- **EXERCISE PROMPT**: Give back every record below in full and exactly, but without a single image.

- **DATA SECTION**:
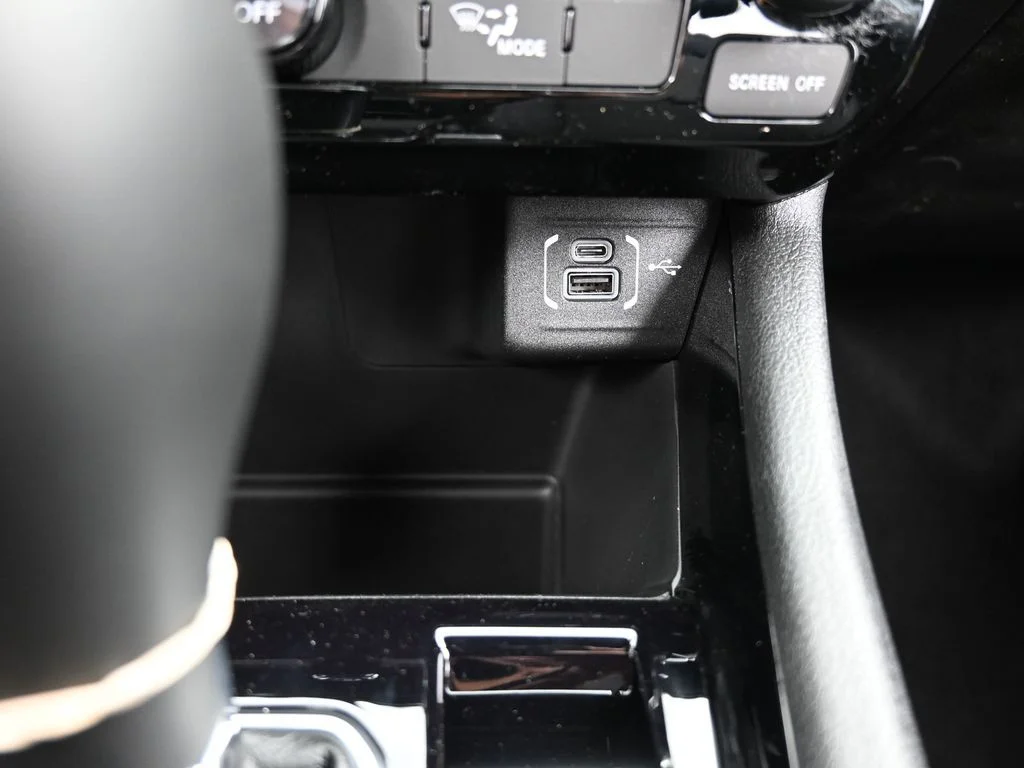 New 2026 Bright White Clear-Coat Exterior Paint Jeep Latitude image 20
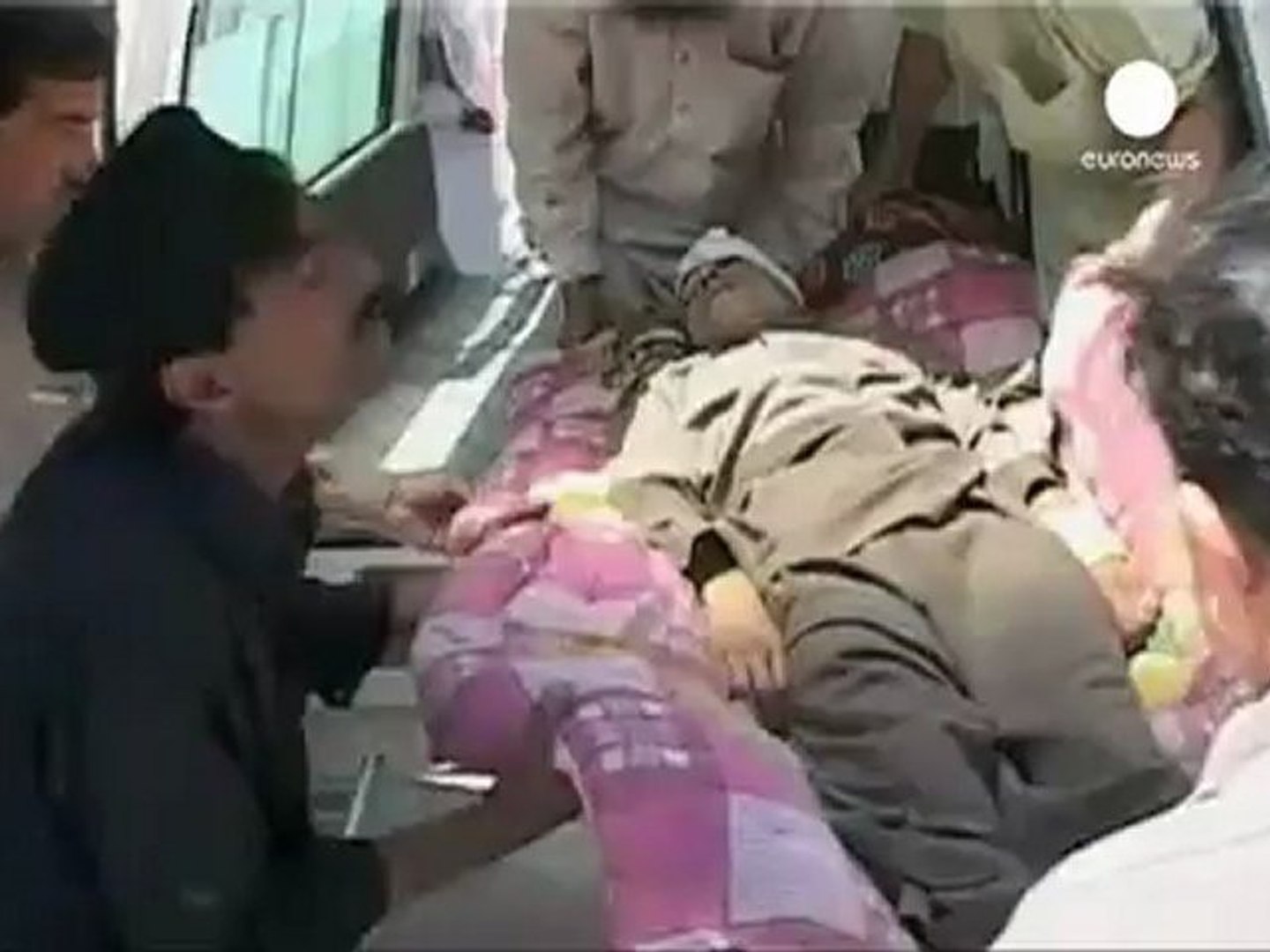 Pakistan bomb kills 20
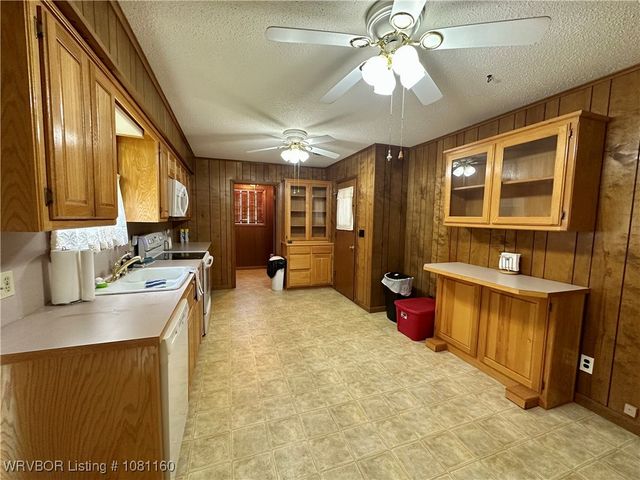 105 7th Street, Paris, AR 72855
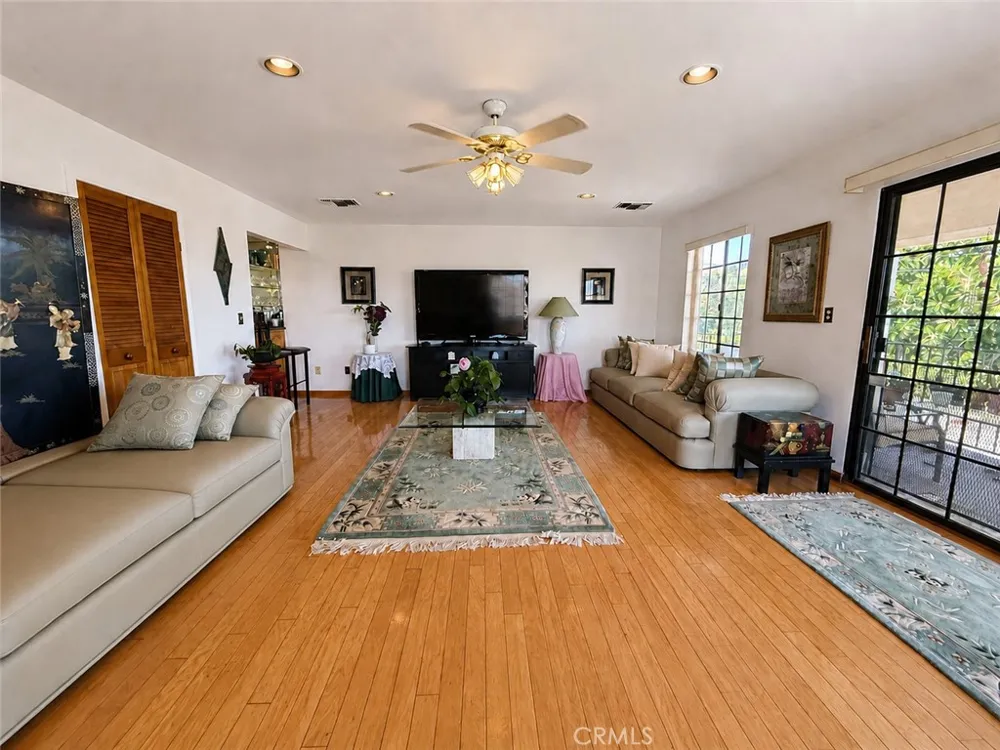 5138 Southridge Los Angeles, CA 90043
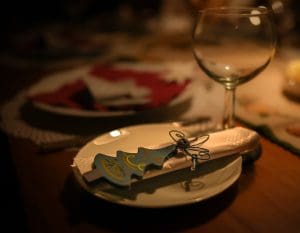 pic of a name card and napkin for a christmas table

- **RESPONSE FOR THIS EXERCISE**:
 New 2026 Bright White Clear-Coat Exterior Paint Jeep Latitude image 20
 Pakistan bomb kills 20
 105 7th Street, Paris, AR 72855
 5138 Southridge Los Angeles, CA 90043
 pic of a name card and napkin for a christmas table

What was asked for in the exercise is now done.